A carnival atmosphere will greet the contestants for the final series of Channel 4 reality show Big Brother when they enter the house next week - but they can expect little privacy.
The house has garish walls decorated with clowns and strongmen and the smoking area is a fairground carousel.
But many interior walls and doors are transparent glass - even the bathroom.
"There are circus things and it's all slightly Alice in Wonderland," said commissioning editor David Williams.
The dozen or so housemates who enter the house on Wednesday will have few opportunities to avoid each other.
"All the glass makes it feel lighter, but on the other hand you can never get away from anyone," Williams told the BBC during a tour of the property at Elstree studios in Hertfordshire.
"You can kind of see from one end of the house to the other - which is a first."
The colourful decor is a marked contrast to previous themes in the house which have included hell and prison.
In the luxury bathroom, the densely-illustrated wallpaper features the pictures of host Davina McCall, past housemates, paparazzi photographers - and even a UFO.
There is also a mystery alcove behind the circular tub - with grass underfoot and a glass door.
The bright and surreal paintings spill out into the garden where a huge bear rears up against a stormy sky.
The carousel canopy is adorned with chickens - which also feature heavily inside.
The "snug" is created out of woven wicker, and there is also a futuristic stone-clad outdoor pool.
The kitchen features a massive table with plates and crockery set in a surreal fashion below the surface behind glass.
The bedroom has a "magical nursery" feel with prints of horses and strongmen above the sleigh-like beds.
Meanwhile, slightly sinister clown faces keep watch over the main seating area.
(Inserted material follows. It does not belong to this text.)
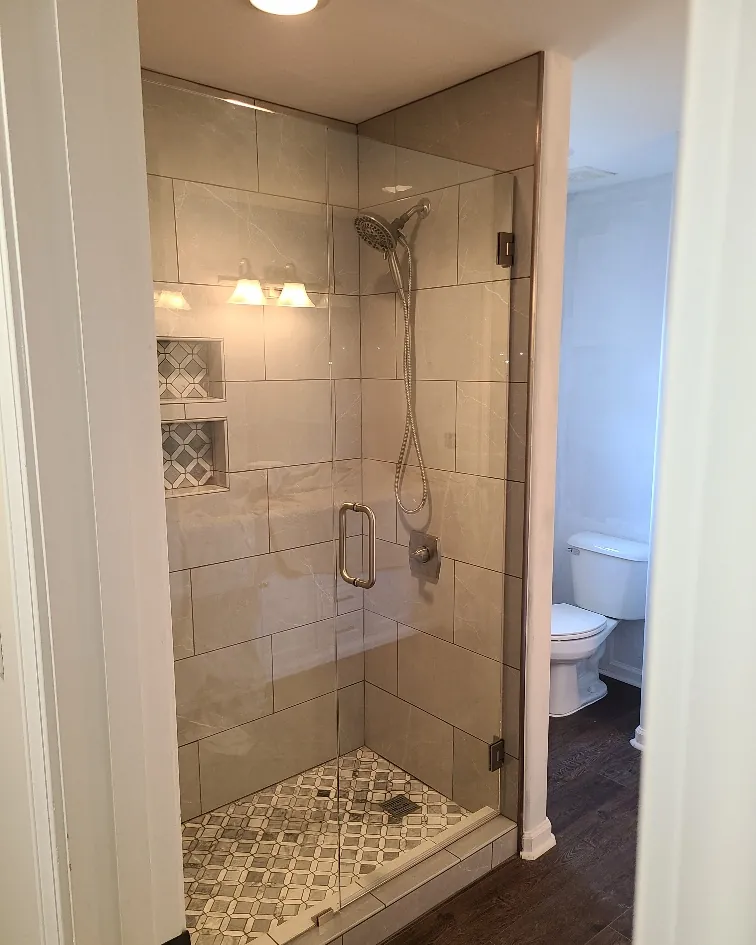 Walk-in glass shower with travertine tile walls, a built-in niche and a patterned tile shower floor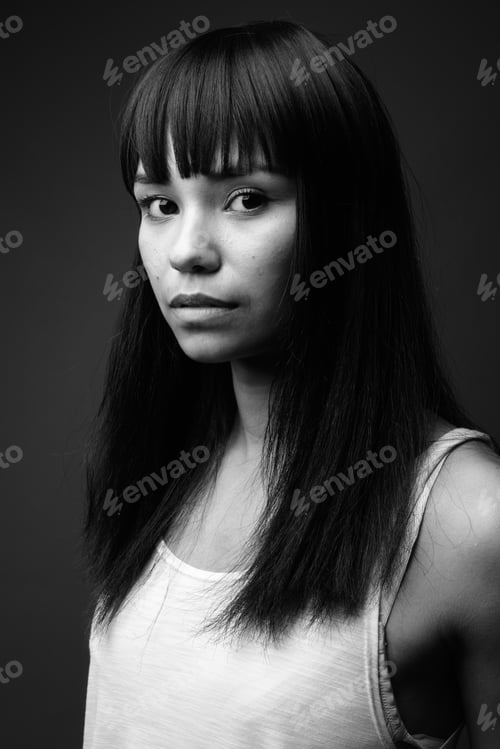 Preview: Young Asian woman against gray background in black and white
The diary room chair remains secret until launch night.
Launch night will see 80-90 hopefuls whittled down to the final 12 to 14 housemates.
Creative director Phil Edgar-Jones said there might be some "familiar faces" in the house on launch night, but he denied there were plans to put in housemates from previous series.
"We've got some mad twists and turns because it's the last series," he said. "I want it to be a really funny series."
He said launch night would not feature contestants arriving in cars and getting booed or cheered as in the previous series.
"I wish everyone would get cheered to be honest," he admitted, "but people like to come down to Elstree on a Friday night for a little boo."